LLVM 20.1 was just tagged in Git as the first stable version of the LLVM 20 compiler stack including sub-projects like the Clang 20 C/C++ Compiler.
LLVM/Clang 20.1 is the newest half-year feature release for this prominent open-source compiler stack that is widely used by many different vendors for a variety of purposes from traditional C/C++ compilation to being heavily used for GPU compute stacks, growing AI uses with MLIR, and much more.
Some of the many changes to find with the LLVM 20.1 stack include:
– AMD GFX950 support work for what is presumably going to be the Instinct MI350.

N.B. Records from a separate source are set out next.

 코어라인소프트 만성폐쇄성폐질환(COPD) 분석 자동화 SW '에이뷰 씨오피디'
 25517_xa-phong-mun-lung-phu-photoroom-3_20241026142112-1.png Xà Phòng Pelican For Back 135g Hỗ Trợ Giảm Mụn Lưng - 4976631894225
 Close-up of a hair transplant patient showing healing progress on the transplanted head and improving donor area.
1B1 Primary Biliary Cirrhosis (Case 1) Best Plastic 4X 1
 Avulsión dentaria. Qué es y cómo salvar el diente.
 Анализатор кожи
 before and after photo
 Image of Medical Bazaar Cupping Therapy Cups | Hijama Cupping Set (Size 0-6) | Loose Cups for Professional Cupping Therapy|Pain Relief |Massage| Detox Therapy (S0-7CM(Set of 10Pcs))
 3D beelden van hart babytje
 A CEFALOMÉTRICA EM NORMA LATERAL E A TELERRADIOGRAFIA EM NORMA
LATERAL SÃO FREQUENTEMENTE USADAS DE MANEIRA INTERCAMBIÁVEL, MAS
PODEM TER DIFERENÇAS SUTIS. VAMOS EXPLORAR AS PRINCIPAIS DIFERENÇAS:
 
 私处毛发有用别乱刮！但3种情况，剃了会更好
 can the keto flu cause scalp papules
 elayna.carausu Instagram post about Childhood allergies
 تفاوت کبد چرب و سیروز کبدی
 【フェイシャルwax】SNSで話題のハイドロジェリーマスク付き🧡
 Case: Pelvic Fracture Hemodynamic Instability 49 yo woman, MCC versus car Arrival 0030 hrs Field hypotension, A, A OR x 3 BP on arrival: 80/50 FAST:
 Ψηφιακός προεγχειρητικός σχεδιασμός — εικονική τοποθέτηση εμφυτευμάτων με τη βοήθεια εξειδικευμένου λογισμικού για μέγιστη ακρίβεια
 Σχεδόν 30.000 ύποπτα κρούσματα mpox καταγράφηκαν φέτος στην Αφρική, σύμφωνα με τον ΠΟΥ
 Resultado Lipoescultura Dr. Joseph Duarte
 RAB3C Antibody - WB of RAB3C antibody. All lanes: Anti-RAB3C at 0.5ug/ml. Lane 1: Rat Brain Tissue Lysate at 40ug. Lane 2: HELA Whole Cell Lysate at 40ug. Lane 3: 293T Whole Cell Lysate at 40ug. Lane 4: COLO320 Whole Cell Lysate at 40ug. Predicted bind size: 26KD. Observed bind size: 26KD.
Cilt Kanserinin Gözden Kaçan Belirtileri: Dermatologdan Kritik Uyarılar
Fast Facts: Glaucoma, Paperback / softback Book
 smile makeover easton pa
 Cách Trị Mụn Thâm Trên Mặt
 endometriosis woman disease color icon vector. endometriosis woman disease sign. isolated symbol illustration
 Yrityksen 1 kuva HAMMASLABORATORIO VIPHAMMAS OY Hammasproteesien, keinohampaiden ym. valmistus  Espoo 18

– AMX-AVX512 support was merged.
– AMX-FP8 support for Intel Diamond Rapids.
– Initial AVX10.2 support.
– More work on the latest C and C++ standards.
– The flang-new modern Fortran compiler was renamed back to “flang”.
– TySan was merged as a sanitizer for type-based aliasing violations.
– The SPIR-V back-end is promoted to being “official” and enabled by default after previously carrying an “experimental” tag.
– Clang 20 now supports the Xtensa CPU target.
– An initial telemetry framework for LLVM.
– Tenstorrent TT-Ascalon-D8 RISC-V CPU support.
– IBM SystemZ arch15 support for what is presumably the IBM z17 / Telum II processor.
LLVM 20.1 sources can be downloaded from GitHub. The LLVM 20.1 release is arriving one week early due to no blocker bugs having come up in recent days.